A pack of cigarettes in Greece is among the cheapest in the European Union. Yet more than 20 percent of those smoked are counterfeit, contraband or untaxed, according to a Nielsen study cited by a local tobacco industry initiative against illegal products.
Labor and Social Security Minister George Katrougalos has said the government wants to raise an additional 600 million euros through increased pension contributions this year.
The proposals sparked a series of strikes, while at least twice that amount could be raised from taxing under-the-radar tobacco, alcohol, diesel and gambling, industry estimates show. The Greek Finance Ministry didn’t respond to phone calls and an e-mail seeking comment on initiatives to collect the money.
Take the local moonshine: about 24 million liters of untaxed tsipouro, a traditional spirit from grape marc, are being consumed every year in Greece, according to local distiller Kostas Tsililis. It results in an annual tax loss of at least 200 million euros.
Greek law allows the production of it locally in uncontrolled steel vats, under 48-hour licensing, and the bulk sale of the popular spirit under a preferential tax rate. The fact that no bottling is required means that there’s way to keep track, Tsililis said.
“It’s the only comestible product that’s legally sold without any control,” he said. “They prefer to cut grandma’s pension, rather than touch smugglers.”
It’s a similar story for fuel, with more than 200 million euros lost annually from smuggling, according to the Hellenic Petroleum Marketing Companies Association, or Seepe. The industry group says methods include mixing tax-free shipping diesel with heating oil, as well as falsely declaring fuel exports to escape taxation.

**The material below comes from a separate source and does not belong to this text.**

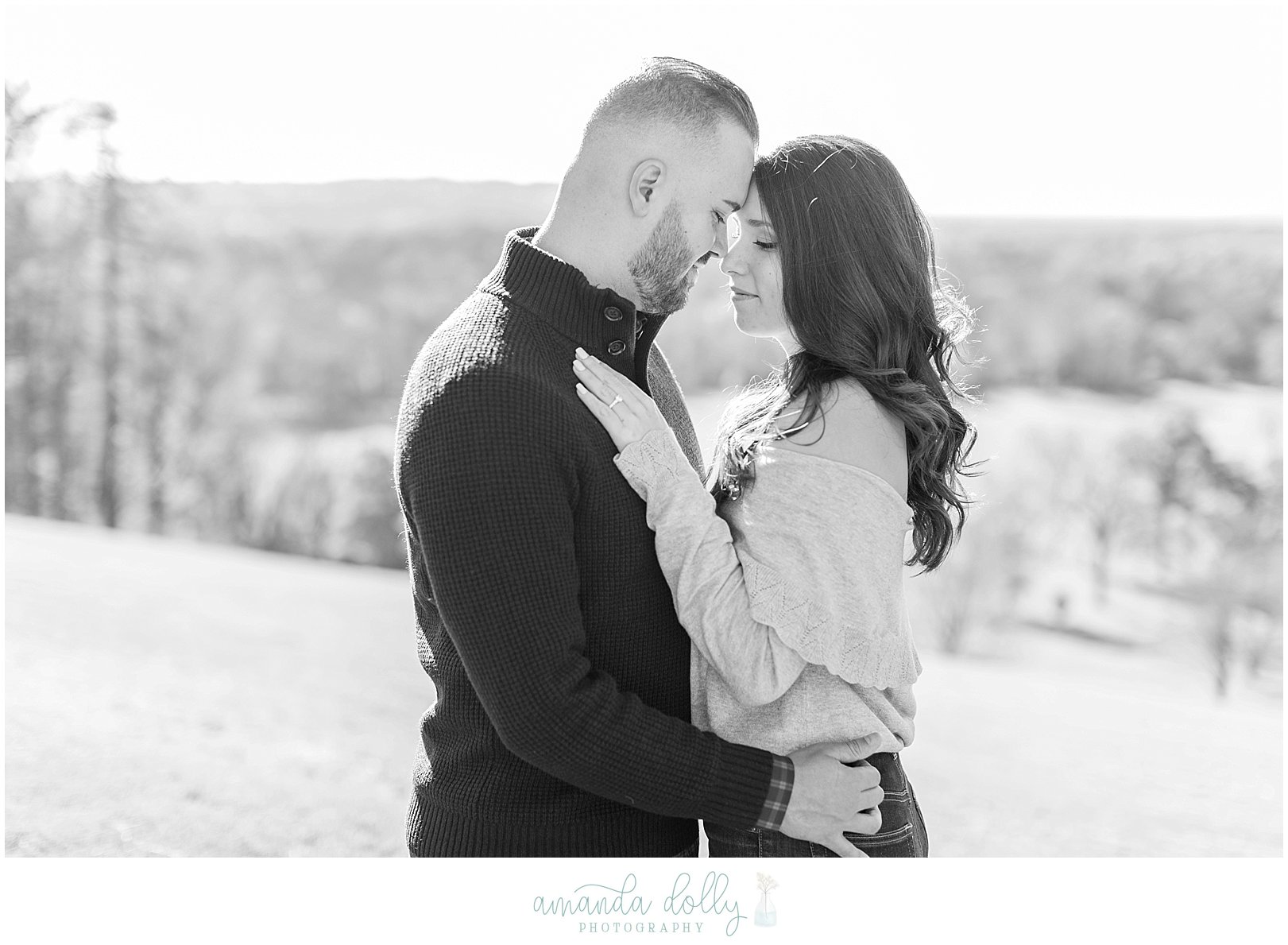 Natirar Park Engagement Photography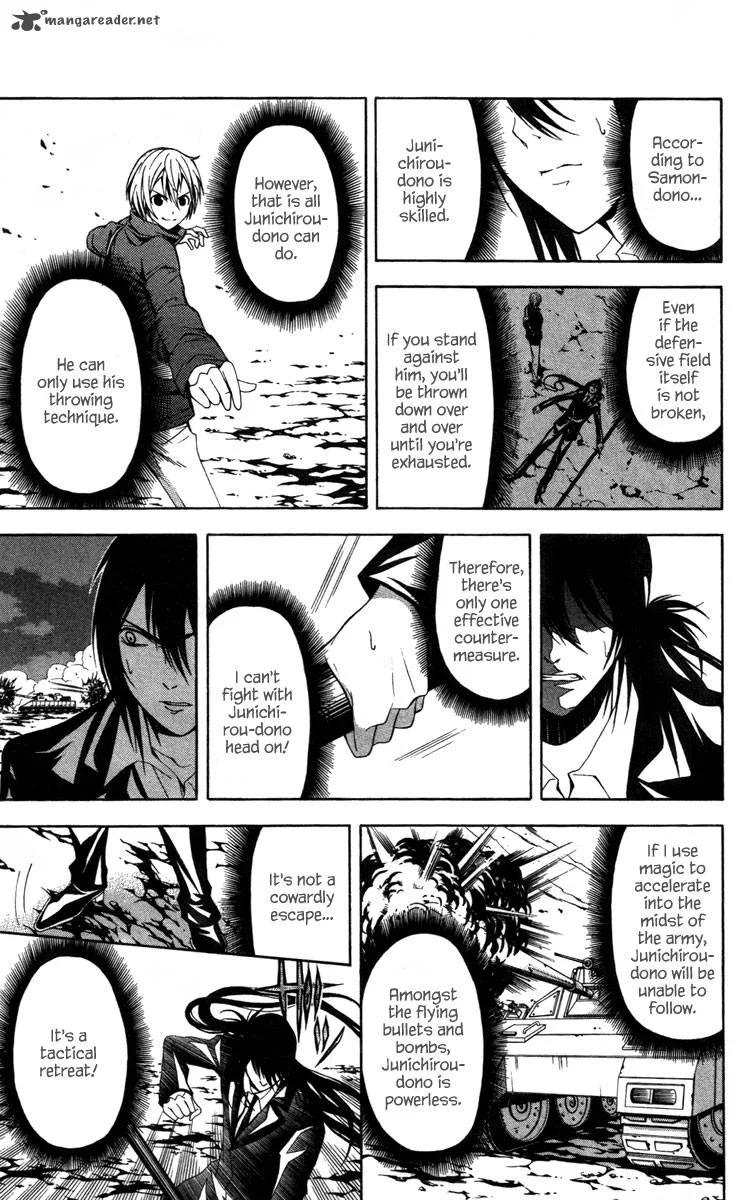 Zetsuen no Tempest Chapter 13 page 22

Then there’s gambling. Hundreds of thousands of Greeks bet using unregulated and unlicensed companies, mostly online. It’s so rife that the Hellenic Gaming Commission can’t make a safe estimate about the size of the illicit market, according to Antonis Stergiotis, its president.
Tackling illegal trade in everyday products like cigarettes and fuel should be simple compared with white-collar tax fraud via offshore bank accounts, but the politics is more complicated, said Ilias Lekkos, chief economist at Piraeus Bank in Athens.
“The fact that large segments of Greek society benefit from tax evasion makes a clampdown an extremely difficult,” he said.